Gli errori che trasformano una notte difficile in un problema fisso
Qui vedo spesso lo stesso schema: più la persona è spaventata, più prova a controllare ogni dettaglio. Il paradosso è che proprio quel controllo, ripetuto notte dopo notte, consolida l’insonnia. Nella pratica, ci sono alcune mosse che sembrano utili ma quasi sempre peggiorano il quadro.
| Errore | Perché peggiora | Cosa fare invece |
|---|---|---|
| Restare a letto sveglio per ore | Il letto si associa alla frustrazione e all’allerta | Alzati dopo un tempo ragionevole e torna solo con sonnolenza |
| Guardare continuamente l’orologio | Aumenta l’ansia da prestazione | Gira la sveglia o allontanala dal comodino |
| Recuperare dormendo fino a tardi | Sballa ancora di più il ritmo circadiano | Mantieni una sveglia stabile, anche dopo una notte pessima |
| Pisolini lunghi nel pomeriggio | Riduce la pressione del sonno serale | Se servono, tienili brevi e non troppo tardi |
| Alcol per addormentarti | Può facilitare l’addormentamento ma frammenta il sonno | Punta su una routine calma e ripetibile, non su un sedativo improvvisato |
| Provare un rimedio diverso ogni notte | Rafforza l’idea che senza “soluzione speciale” non dormirai | Lavora su poche abitudini solide, non su tentativi casuali |
Se vuoi davvero uscire dal loop, la costanza vale più dell’intensità. Io preferisco pochi gesti stabili, fatti bene, piuttosto che una lunga lista di trucchi usati una sola volta. Quando però l’insonnia si incolla alla quotidianità, serve capire quando è il momento di farsi valutare.
Quando serve una valutazione professionale
Le linee guida NICE considerano l’insonnia cronica quando il problema compare almeno 3 notti a settimana per 3 mesi o più. Non è una definizione accademica fine a se stessa: significa che, se la difficoltà si è stabilizzata, è più sensato lavorare sul problema con un approccio strutturato che continuare a sperare in una svolta spontanea.
Per i casi persistenti, l’ACP indica la CBT-I, cioè la terapia cognitivo-comportamentale per l’insonnia, come trattamento iniziale.
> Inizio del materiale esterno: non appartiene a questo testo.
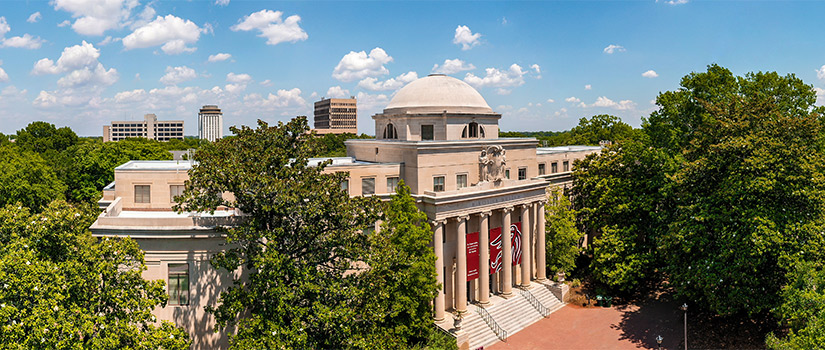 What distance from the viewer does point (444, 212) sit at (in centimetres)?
3766

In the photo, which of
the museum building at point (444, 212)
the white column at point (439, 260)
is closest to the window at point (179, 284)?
the museum building at point (444, 212)

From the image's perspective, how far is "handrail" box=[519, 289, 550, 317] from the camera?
140 ft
In pratica, è uno degli interventi più solidi quando il problema non è solo “dormire poco”, ma anche la paura del sonno, il controllo continuo e l’iperattenzione ai sintomi. Io partirei dal medico di base se ci sono segnali fisici o farmaci da rivedere, e da uno psicoterapeuta se il nodo centrale è l’ansia notturna.
- Fatti valutare se il problema dura da settimane e sta compromettendo lavoro, studio, umore o relazioni.
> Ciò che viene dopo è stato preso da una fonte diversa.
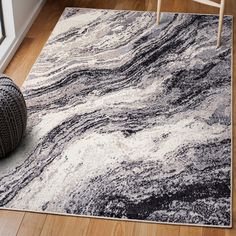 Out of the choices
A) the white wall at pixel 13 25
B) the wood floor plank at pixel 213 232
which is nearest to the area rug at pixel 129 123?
the wood floor plank at pixel 213 232

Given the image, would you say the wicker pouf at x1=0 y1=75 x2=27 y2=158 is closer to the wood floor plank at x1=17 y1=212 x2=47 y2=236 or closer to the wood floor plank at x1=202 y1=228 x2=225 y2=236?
the wood floor plank at x1=17 y1=212 x2=47 y2=236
- Non aspettare se hai russamento forte, pause respiratorie, risvegli con fame d’aria o gambe irrequiete.
- Chiedi aiuto subito se compaiono pensieri di farti del male, se ti senti fuori controllo o non al sicuro: in quel caso chiama il 112.
- Diffida delle soluzioni improvvisate quando il problema è diventato ricorrente: farmaci, integratori o rimedi naturali hanno senso solo se inseriti nel quadro giusto.
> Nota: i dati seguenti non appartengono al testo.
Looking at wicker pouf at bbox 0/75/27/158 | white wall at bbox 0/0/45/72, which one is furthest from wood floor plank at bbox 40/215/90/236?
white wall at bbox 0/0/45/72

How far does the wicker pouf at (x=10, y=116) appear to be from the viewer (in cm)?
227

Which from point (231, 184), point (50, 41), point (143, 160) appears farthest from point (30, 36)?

Se il problema continua, il punto non è più “resistere” ma capire bene cosa lo mantiene acceso. Da lì in poi, il percorso cambia molto, perché non stai più inseguendo il sonno: stai trattando la causa che lo blocca.
Per i prossimi sette giorni conta più la regolarità della forza di volontà
Quando il sonno è in crisi, io consiglio un reset semplice, non una rivoluzione. Per una settimana, tieni fermi pochi punti e osserva cosa cambia.
- Sveglia stabile ogni giorno, anche dopo una notte pessima.
- Luce naturale al mattino entro la prima ora dal risveglio, se possibile.
- Caffeina e nicotina ridotte nel pomeriggio, soprattutto se sei sensibile.
- Dieci minuti di scarico mentale lontano dal letto: lista di pensieri, impegni e problemi da rimandare a domani.
- Niente giudizi sulla singola notte: conta il trend, non l’episodio isolato.
Se convivi con qualcuno, vale anche una regola relazionale molto concreta: non trasformare il sonno in un tema di pressione continua. Più il clima in casa resta tranquillo, più il cervello smette di associare la notte al fallimento. E se dopo qualche settimana il quadro non si muove, non è un segno di debolezza: è il segnale giusto per farsi aiutare con un percorso mirato.